In the past I’ve reviewed books on this site but I don’t remember doing a full-on movie review. Since I’ve shared my English majorness with you, I think it’s time I whipped out my Film majorly skeelz.
Over-run with boxes, expecting company tomorrow to come help us get some serious work done, I decided the best course of action was to ditch my responsibilities and head out for a latenight movie with Karlita.
We decided on The Lake House, although every time we hear the title we both think it’s a horror movie masquerading as a Nicholas-Sparks-style chick flick. There was no horror. A bad cream turtleneck sweater on the ever-so well-postured Mr. Reeves, but no real horror to speak of.

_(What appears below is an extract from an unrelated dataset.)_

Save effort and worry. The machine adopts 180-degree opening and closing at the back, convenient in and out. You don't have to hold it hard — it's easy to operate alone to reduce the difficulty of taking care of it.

We had our concerns about Keanu but he was not nearly as wooden as Al Gore in this role and even managed to relax his neck for two or three scenes. More disturbing to me was how Christopher Plummer begins to look more and more like Old Mrs. Harris from the Anne of Green Gables movies as he ages. And he seems to die a lot. In fact, he’s died so much in movies that I was surprised to see him in this one and playing a jerk too, not something I like to see done by Captain von Trapp.
There were a ton of people pretending to be a pirate (at the theatre, not on The Lake House — Arrrr). I know that sounds strange and it was. Several people were pretending to be one pirate. One guy was the eye patch, another one the pock-marked nose, while 5 other guys dressed up as the remaining toes. Okay, it’s late. But there were many many pirates at the theatre. For fear of having my deck swabbed or something, I restrained myself from taking pictures of them but I guess they were all lined up to see Jerry Bruckheimer’s latest triumph.

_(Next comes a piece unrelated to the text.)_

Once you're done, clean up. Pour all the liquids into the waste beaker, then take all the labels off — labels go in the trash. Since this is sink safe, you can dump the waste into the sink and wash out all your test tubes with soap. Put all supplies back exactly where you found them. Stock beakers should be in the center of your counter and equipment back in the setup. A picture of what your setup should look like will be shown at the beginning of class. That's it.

Can you think of any other producer who gets top billing above the director? Me neither. He smells of money so people show up. And he’s got The Depp, Legolas, and that really popular British girl with the long skinny neck who looks like Natalie Portman.
Anyway, we were not seeing Pirates of the Caribbean: Revenge of the Guy With Worms for a Beard at 12:01am so we did not have to stand in a line stretching to the Karate Dojo, nor were we required to superglue a parrot to our shoulder.
We were required to buy matching “gourmet” pretzels with “cheese” sauce.
So, the movie is about Keanu Reeves dressing in Shabby Scruffy Lumberjack Chic style (which I find highly attractive until the turtlenecks begin to surface for the anti-climactic climax) and Sandra Bullock trying to convince us that she’s a very sad and haunted young doctor, the kind who went to medical school.
That’s basically the plot in a nutshell. The long version includes a time portal mailbox where they send letters back and forth across a 2 year time gap, sort of like that Hallmark Hall of Fame movie, The Love Letter, only in miniature. It ends with her doing something that would have stopped the whole movie from happening in the first place, except instead it brings Keanu Reeves back to her so they can kiss peckishly and walk off arm-in-turtle-necked-arm.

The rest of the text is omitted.